- Episode no.: Season 2 Episode 18
- Directed by: Joe Napolitano
- Written by: Randy Holland
- Cinematography by: Michael W. Watkins
- Original air date: March 14, 1990
- Running time: 48 min

Guest appearances
- Ken Foree, Robert Gossett, Shari Headley, Theodore Wilson

Episode chronology
| ← Previous "Good Night, Dear Heart" | Next → "Leaping in Without a Net" |

= Pool Hall Blues =

"Pool Hall Blues" is a 1990 episode of the American science fiction television series Quantum Leap. Lead character Sam Beckett "leaps" (travels through time) into the body of an African American man in 1954: Charlie "Black Magic" Walters, one of the (fictional) greatest pool players in America, and a childhood mentor of supporting character Al. Beckett as Walters must help Walters's granddaughter keep her Chicago nightclub and rescue it from under the corrupting influence of a criminal loan shark. The episode, the 18th of season 2, was written by Randy Holland and directed by Joe Napolitano. It originally aired on March 14, 1990. The episode won the series its second of three consecutive Primetime Emmy Awards for Outstanding Cinematography.

==Plot==
It is September 4, 1954 in Chicago, Illinois, and Sam Beckett has "leaped" into the body of pool hustler Charlie "Black Magic" Walters, a former mentor of Al Calavicci. Magic's granddaughter, Violet, has borrowed money from a loan shark to convert an old pool hall into a blues nightclub. Unfortunately, disreputable pool hustler Eddie Davies has purchased the note for Violet's loan from the loan shark and is using it to goad Magic into a series of games of pool, threatening to take over the nightclub if Magic refuses. Unable to obtain a bank loan to purchase the note, Sam agrees to the match, with Ziggy providing Sam (who has no clue how to play pool) with guidance to allow him to play at Magic's level.
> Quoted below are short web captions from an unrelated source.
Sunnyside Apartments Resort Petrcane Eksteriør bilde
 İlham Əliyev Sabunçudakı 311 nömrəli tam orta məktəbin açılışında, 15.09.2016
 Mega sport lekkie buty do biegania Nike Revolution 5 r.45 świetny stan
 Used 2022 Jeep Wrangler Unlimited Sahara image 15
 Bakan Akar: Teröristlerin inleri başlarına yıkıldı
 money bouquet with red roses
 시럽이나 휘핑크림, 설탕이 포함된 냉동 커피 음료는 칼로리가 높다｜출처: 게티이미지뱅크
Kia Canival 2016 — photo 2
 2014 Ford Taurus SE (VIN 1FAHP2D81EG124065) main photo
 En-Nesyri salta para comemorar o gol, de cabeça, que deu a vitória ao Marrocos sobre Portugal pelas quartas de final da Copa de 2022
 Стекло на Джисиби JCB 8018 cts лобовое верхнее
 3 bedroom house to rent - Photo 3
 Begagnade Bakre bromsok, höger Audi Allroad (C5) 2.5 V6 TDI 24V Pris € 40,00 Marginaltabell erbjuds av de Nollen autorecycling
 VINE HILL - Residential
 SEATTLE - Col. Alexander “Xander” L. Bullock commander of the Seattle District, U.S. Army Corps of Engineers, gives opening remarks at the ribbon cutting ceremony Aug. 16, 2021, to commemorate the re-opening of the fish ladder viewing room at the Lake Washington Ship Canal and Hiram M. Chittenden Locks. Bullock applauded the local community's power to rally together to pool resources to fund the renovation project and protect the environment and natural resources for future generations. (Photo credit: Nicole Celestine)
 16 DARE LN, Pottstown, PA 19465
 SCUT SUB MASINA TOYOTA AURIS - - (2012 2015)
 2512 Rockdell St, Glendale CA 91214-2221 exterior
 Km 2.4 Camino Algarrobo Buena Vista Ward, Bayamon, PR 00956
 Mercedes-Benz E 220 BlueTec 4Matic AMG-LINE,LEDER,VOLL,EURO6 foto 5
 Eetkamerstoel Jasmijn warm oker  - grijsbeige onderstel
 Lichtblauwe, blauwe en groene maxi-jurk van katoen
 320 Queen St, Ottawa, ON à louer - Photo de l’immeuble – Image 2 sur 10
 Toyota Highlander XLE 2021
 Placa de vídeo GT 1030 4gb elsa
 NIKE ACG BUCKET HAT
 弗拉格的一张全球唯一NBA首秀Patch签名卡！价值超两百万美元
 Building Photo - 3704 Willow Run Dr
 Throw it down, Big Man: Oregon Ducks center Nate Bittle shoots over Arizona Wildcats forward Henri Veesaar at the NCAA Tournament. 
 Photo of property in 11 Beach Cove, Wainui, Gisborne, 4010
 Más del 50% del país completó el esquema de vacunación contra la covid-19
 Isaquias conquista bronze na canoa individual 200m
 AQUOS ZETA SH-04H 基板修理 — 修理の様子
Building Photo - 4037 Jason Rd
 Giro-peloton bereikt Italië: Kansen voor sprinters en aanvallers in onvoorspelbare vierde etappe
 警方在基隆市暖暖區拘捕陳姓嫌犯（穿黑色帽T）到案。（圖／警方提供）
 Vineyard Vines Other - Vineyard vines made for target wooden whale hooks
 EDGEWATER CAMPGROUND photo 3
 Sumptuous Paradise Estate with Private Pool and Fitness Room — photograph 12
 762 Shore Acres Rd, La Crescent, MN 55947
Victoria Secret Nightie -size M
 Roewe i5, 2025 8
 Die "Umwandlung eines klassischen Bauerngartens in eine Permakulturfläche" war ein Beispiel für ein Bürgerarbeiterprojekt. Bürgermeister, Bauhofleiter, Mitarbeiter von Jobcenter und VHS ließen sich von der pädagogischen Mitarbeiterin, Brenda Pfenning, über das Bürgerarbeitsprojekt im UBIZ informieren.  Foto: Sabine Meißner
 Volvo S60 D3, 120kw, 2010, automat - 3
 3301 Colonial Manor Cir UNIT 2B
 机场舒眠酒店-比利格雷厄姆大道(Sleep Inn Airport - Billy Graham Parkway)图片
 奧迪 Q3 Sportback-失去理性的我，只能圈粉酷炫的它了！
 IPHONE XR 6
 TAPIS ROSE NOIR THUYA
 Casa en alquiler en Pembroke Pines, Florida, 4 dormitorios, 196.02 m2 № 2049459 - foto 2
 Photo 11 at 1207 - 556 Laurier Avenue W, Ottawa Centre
Despite Eddie's interference - including having his henchman destroy Magic's beloved cue stick, Alberta - and the loss of Ziggy's guidance at a critical point in the match, Sam defeats Eddie and wins the note.

==Cast==
The principal cast of the episode were:
- Scott Bakula as Dr. Sam Beckett
- Dean Stockwell as Admiral Al Calavicci
- Alton Blair Carter as Lester Brown
- Ken Foree as The Brush
- Robert Gossett as Charles Griffin
- Shari Headley as Violet Walters
- J. W. Smith as Eddie Davies
- Annie Waterman as Miss White
- Theodore Wilson as Jimmy Grady
- Robert "Rags" Woods as Charlie "Black Magic" Walters

==Awards==
"Pool Hall Blues" won the 1990 Primetime Emmy Award for Outstanding Cinematography, for the camera work of Michael W. Watkins. The series had won the 1989 Emmy for Outstanding Cinematography (Roy H. Wagner, pilot episode "Genesis"), and would three-peat when it also won the 1991 Emmy (Watkins, season 3 episode "The Leap Home (Part 2) – Vietnam").